*Exercise brief*
Please restate word for word the lines of the entries below from the one with "Видео: ЗЛОВЕЩАЯ ШКОЛА!" to the one with "Produktbild von Hoodie", inclusive, and leave out every picture.

*Records to use*
*** Begin section ***

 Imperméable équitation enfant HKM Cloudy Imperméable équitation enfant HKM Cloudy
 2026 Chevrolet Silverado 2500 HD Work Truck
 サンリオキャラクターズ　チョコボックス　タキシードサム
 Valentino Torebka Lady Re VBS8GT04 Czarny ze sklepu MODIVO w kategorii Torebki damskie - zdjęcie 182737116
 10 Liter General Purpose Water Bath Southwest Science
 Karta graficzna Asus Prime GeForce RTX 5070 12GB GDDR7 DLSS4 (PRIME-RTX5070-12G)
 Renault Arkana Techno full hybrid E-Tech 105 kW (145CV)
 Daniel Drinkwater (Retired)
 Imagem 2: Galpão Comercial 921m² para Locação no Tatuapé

*** End section ***
*** Begin section ***

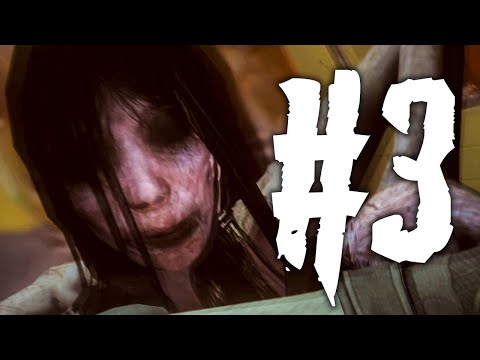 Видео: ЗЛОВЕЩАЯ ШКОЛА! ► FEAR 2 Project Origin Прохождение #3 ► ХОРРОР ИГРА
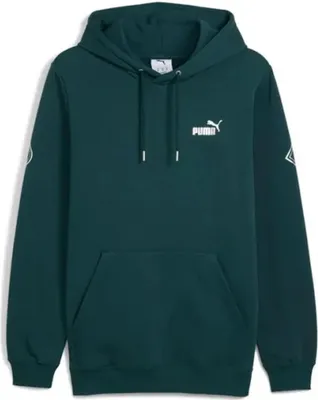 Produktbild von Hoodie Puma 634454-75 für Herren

*** End section ***
*** Begin section ***

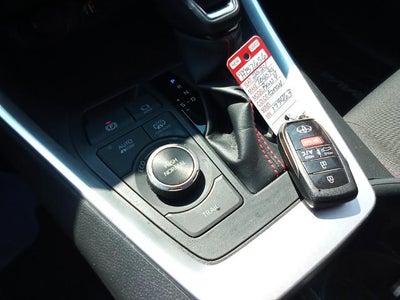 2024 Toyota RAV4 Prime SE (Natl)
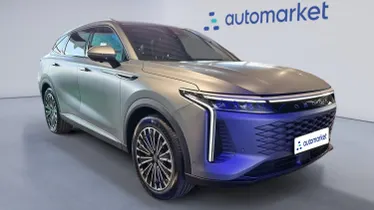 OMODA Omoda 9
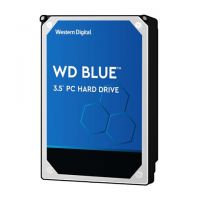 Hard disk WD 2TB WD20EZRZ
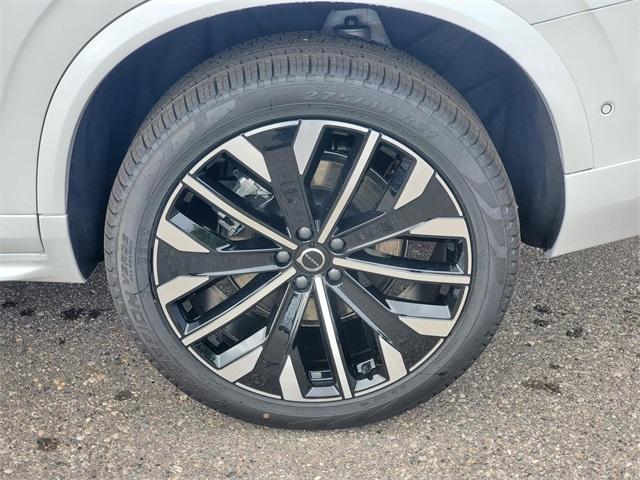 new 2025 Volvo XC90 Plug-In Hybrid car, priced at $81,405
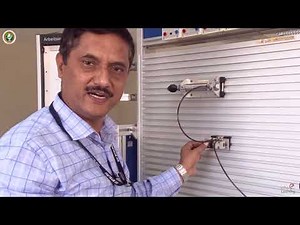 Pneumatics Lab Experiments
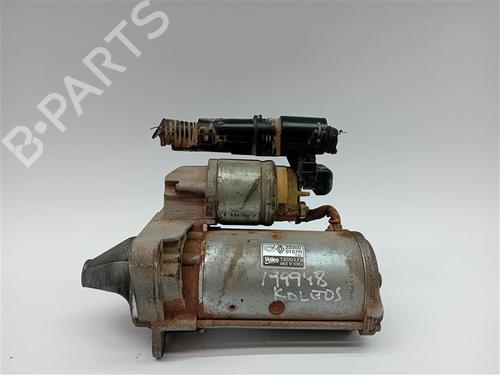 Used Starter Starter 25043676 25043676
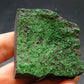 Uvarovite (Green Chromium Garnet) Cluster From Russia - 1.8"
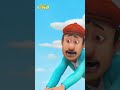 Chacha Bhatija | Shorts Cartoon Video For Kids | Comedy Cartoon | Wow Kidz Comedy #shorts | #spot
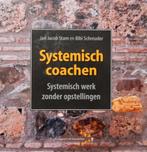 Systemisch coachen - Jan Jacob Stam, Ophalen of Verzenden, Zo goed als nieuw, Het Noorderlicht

*** End section ***

*Answer space*
 Видео: ЗЛОВЕЩАЯ ШКОЛА! ► FEAR 2 Project Origin Прохождение #3 ► ХОРРОР ИГРА
 Produktbild von Hoodie Puma 634454-75 für Herren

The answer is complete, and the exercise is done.